One of These Days. What fooled producers about Lansbury all these years was that old bugaboo, typecasting. She actually had the goods all the time. In 1940, she was a blooming bundle from Britain, packed away from the blitz with her actress mother and sent to study drama in New York. She was, she says, "16, going on 95" when she got her first job--as a nightclub singer and impressionist in Canada. "I did Bea Lillie, Gracie Fields and a Wagnerian opera singer," she recalls. "I wasn't awfully good." True, but her nightclub spot earned enough money to pay her passage to Hollywood, and it was there, at 17, that she got her first movie role, and there that casting directors decided that Angela Lansbury was the girl to play everybody's old lady.

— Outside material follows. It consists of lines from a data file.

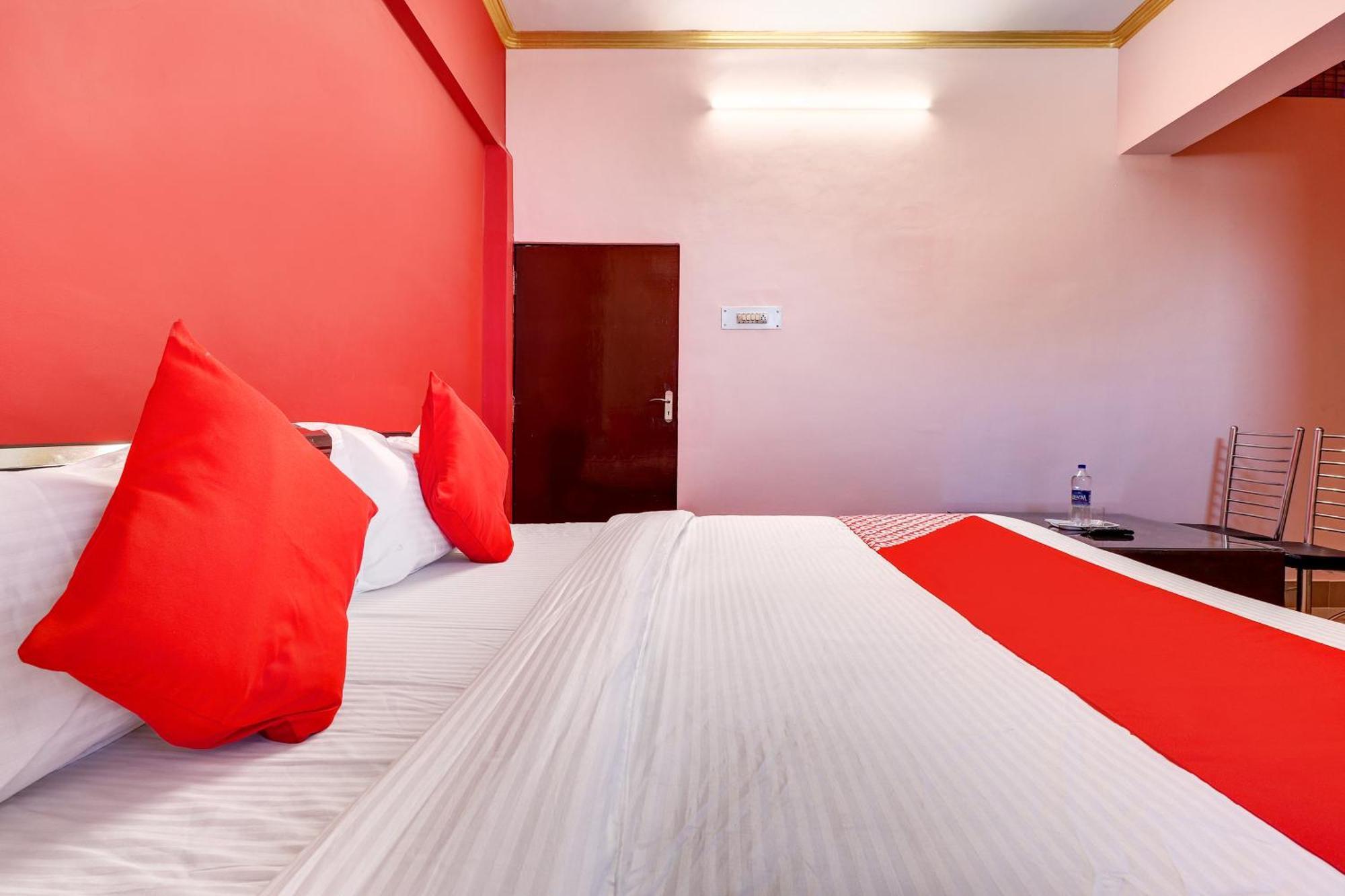 Hotel O Star City Hotel Ayodhya Esterno foto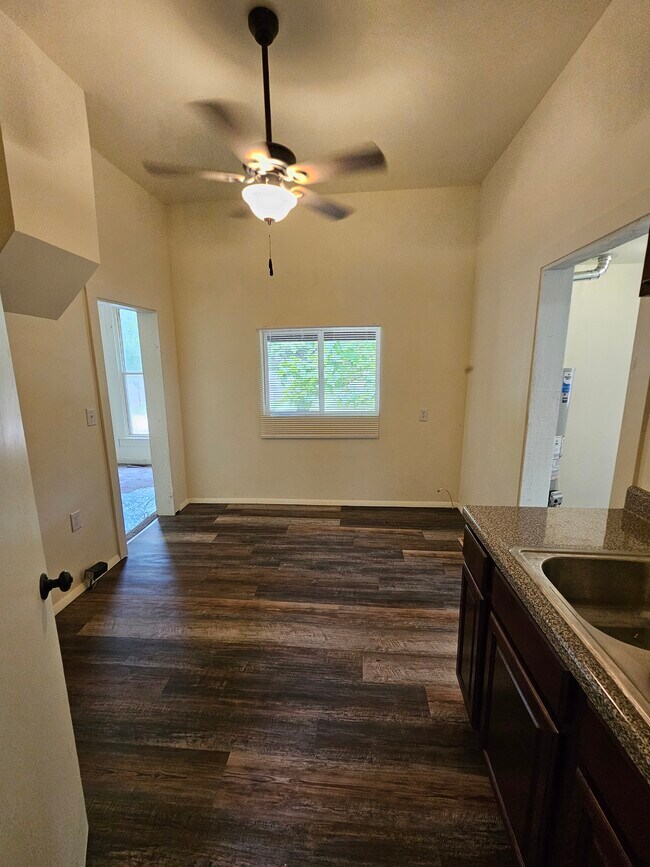 Foto del edificio - 1250 N Jefferson Ave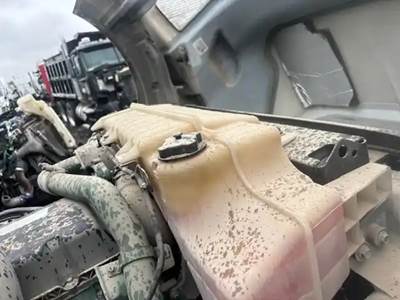 Volvo VNL Radiator Overflow Bottle / Surge Tank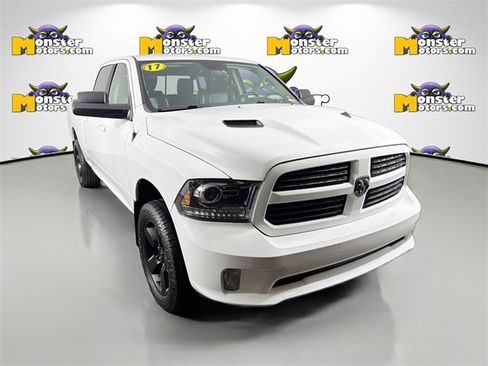 Used 2017 RAM 1500 Sport image 3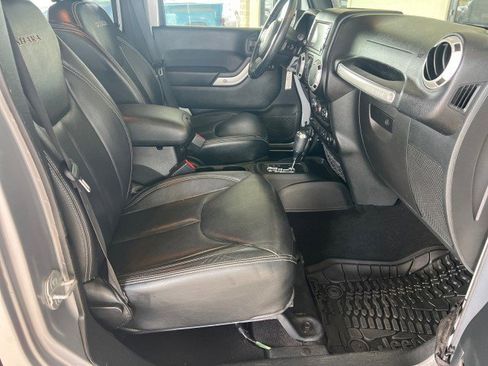 Used 2017 Jeep Wrangler Unlimited Sahara w/ Connectivity Group image 26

All told, she made more than 60 movies, was nominated for an Oscar three times (and three times missed). And all the while, the typecasting was burning her up. "People are always telling me that I must be 50 if I'm a day," she complained last year. "I must stop playing bitches on wheels--and people's mothers. One of these days I'd like to get my hands on a part in which I can hit many chords." She did at last, with Mame, but only after the producers wrote off a pack of other candidates --Mary Martin, Patrice Munsel, Jane Morgan, Tammy Grimes, Ann Sothern.

"Right, Luv." When she signed for the role, she trained for it like a boxer, worked out in a gym three hours a day, turning "fat into muscle." She keeps in shape onstage now, running through nine songs, five dance numbers and 17 costume changes--so many that she needs extra dressing rooms, one in each wing. Offstage, her shape is that of a housewife. Unlike most actresses, she is not driven by that ego-torn compulsion for the spotlight. She is comfortably married to Movie Executive Peter Shaw and spends most of her private hours doting on her children, Anthony, 14, Deirdre, 13 and stepson David, 22. "I can be quite happy in Hollywood being a housewife," says Lansbury. "But Peter notices the danger signs--an extra pound on the backside--and says, 'Right, luv, it's time you went to work again,' and back I go."

No need for Husband Peter to be concerned any longer. Mame has already socked away more than $1,500,000 in advance sales, the house is booked solid until October, and top seats are not available before December. Goodbye, Dolly!, hello, Mame.